Initially using the efficient net model without pretraining.

from torchvision import models
model = models.efficientnet_b0(pretrained=False)
num_ftrs = model.classifier[1].in_features
model.classifier[1] = nn.Linear(num_ftrs, 10)
device = torch.device("cuda" if torch.cuda.is_available() else "cpu")
model = model.to(device)
/usr/lib/python3/dist-packages/torchvision/models/_utils.py:208: UserWarning: The parameter 'pretrained' is deprecated since 0.13 and may be removed in the future, please use 'weights' instead.
  warnings.warn(
/usr/lib/python3/dist-packages/torchvision/models/_utils.py:223: UserWarning: Arguments other than a weight enum or `None` for 'weights' are deprecated since 0.13 and may be removed in the future.

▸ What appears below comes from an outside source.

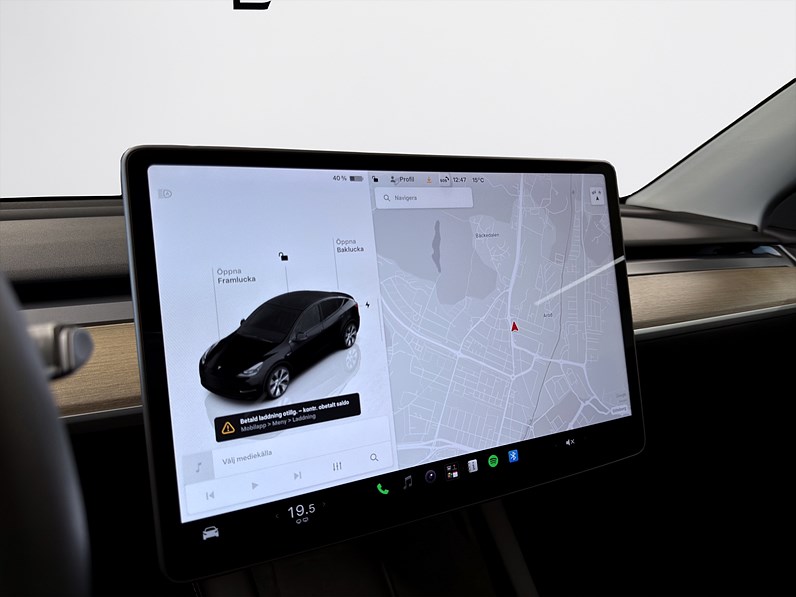 Tesla Model Y Standard Range 299hk Helg på Moberg! Pano Premium Navi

The current behavior is equivalent to passing `weights=None`.
  warnings.warn(msg)
# Loss function and optimizer
criterion = nn.CrossEntropyLoss()
optimizer = optim.SGD(model.parameters(), lr=0.01, momentum=0.9)
scheduler = optim.lr_scheduler.StepLR(optimizer, step_size=7, gamma=0.1)
# train on only 5% of the data
loss_list = []
lr = []


for epoch in range(25):  # loop over the dataset multiple times
    scheduler.step()
    running_loss = 0.0
    for i, data in enumerate(train_loader, 0):
        inputs, targets = data
        inputs = inputs.to(device)
        targets = targets.to(device)
        optimizer.zero_grad()
        outputs = model(inputs)
        loss = criterion(outputs, targets)
        loss.backward()
        optimizer.step()

        lr.append(scheduler.get_lr()[0])

        running_loss += loss.item()

        if i % 10 == 9:    # print every 10 mini-batches

            print('[%d, %5d] loss: %.3f, lr: %.6f' %

                  (epoch + 1, i + 1, running_loss / 10, scheduler.get_lr()[0]))
            # append avg running loss every 10 epochs
            loss_list.append(running_loss/10)
            running_loss = 0.0
plt.subplot(2, 1, 1)
plt.plot(loss_list, label='Training Loss')
plt.title('Training Loss over Batches')
plt.xlabel('Batch')
plt.ylabel('Loss')
plt.legend()

plt.subplot(2, 1, 2)
plt.plot(lr, label='Learning Rate', color='r')
plt.title('Learning Rate over Batches')
plt.xlabel('Batch')
plt.ylabel('Learning Rate')
plt.legend()

plt.tight_layout()
plt.show()

# save the model state dict
torch.save(model.state_dict(),
           './cifar10_5percent_scheduler_pretrained_false.pth')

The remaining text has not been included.